Materials science company Origin Materials Inc. said it signed its first customer for its new recyclable caps business, a contract anticipated to generate $100 million in revenue over an initial two-year period.
Rich Riley, co-CEO of West Sacramento-based Origin (Nasdaq: ORGN), didn’t name the customer during a conference call with investors and analysts, but he said the new product is seeing increasing demand.
The first customer committing to $50 million per year is “an idea of the quanta per customer we can see in this business,” Riley said. “We have a robust pipeline of potential customers."
Earlier this year, West Sacramento-based Origin announced it had developed the first fully recyclable PET plastic bottle caps. All existing plastic bottle caps are made of a softer plastic that is not easily recyclable like the PET plastic that makes up most beverage bottles.
Riley said production should begin at the end of this year, and Origin anticipates revenue to begin early in 2025, ramping up quickly in 2026.
He said Origin will be first to market with PET caps. The company will also license its technology, which will add revenue to its PET caps business.
Origin tested its cap production on high-speed machines with optical quality controls during July in Germany and Switzerland, and it produced more than 1 million caps to check quality control and production methods.
Origin launched in 2008 to perfect technology to remove petroleum from plastics, replacing oil with renewable zero-carbon biomass like scrap wood.
The company last year opened its first commercial PET plant in Canada at a cost of $130 million. Origin’s next plant in Louisiana will take several years to open and will cost more than $1.6 billion. Origin’s main goal remains to decarbonize plastic worldwide, but since building billion-dollar manufacturing plants is a financial strain on a small company, it has been looking at ways to roll out revenue-generating products using its platform to keep its balance sheet healthy.
In the European Union, Origin is also lining up customers for a fully recyclable and tethered cap, to meet EU requirements for tethering caps to bottles for a more complete circular and sustainable waste stream.
“They perform better than today’s other plastic caps," said John Bissell, co-CEO of Origin, calling the PET caps “the Holy Grail for packaging circularity.”
He said Origin’s PET caps are more effective and lighter than the softer plastic that makes up most plastic caps.

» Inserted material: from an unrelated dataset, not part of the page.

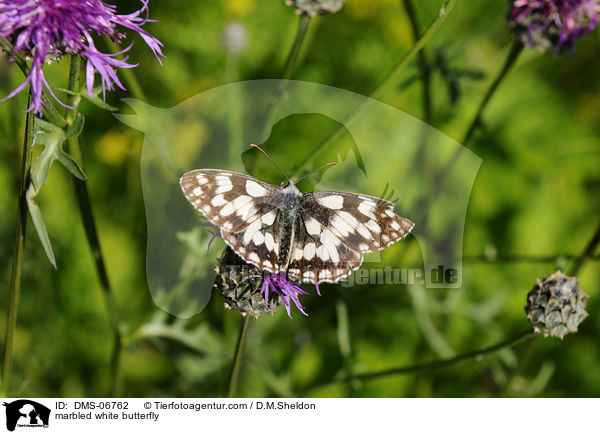 Schachbrettfalter / marbled white butterfly / DMS-06762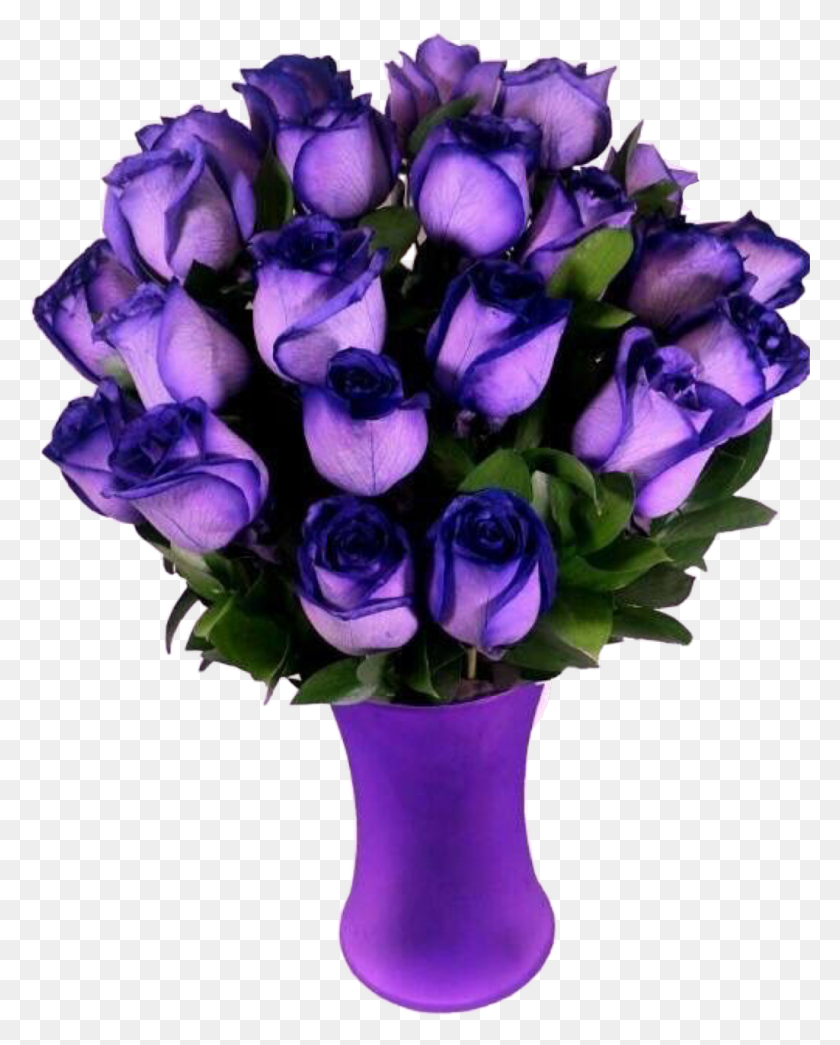 1024x1294 Purple Vase Roses Flowers Beautiful Freetoedit Most Beautiful Purple Roses In The World, Plant, Flower, Blossom HD PNG Download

“If you are going to connect a bottle with a cap, it makes sense to use the same material,” Bissell said. It makes the return of the bottle for recycling simpler, cleaner and easier.
Origin reported a loss of $19.5 million for the second quarter, compared with a loss of $6.46 million a year earlier. Revenue in the recent quarter rose 2% to $7.03 million.
At the end of the second quarter, Origin had $132.2 million in cash, cash equivalents and marketable securities, which is enough money for the company to operate for the foreseeable future without having to raise capital through an equity sale, said Matt Plavan, chief financial officer.
The existing capital will give the company runway to make it to its expected onset of new revenue in the first quarter of 2025, which will also be the start of “significant recurring revenue” from caps and closures, Plavan said.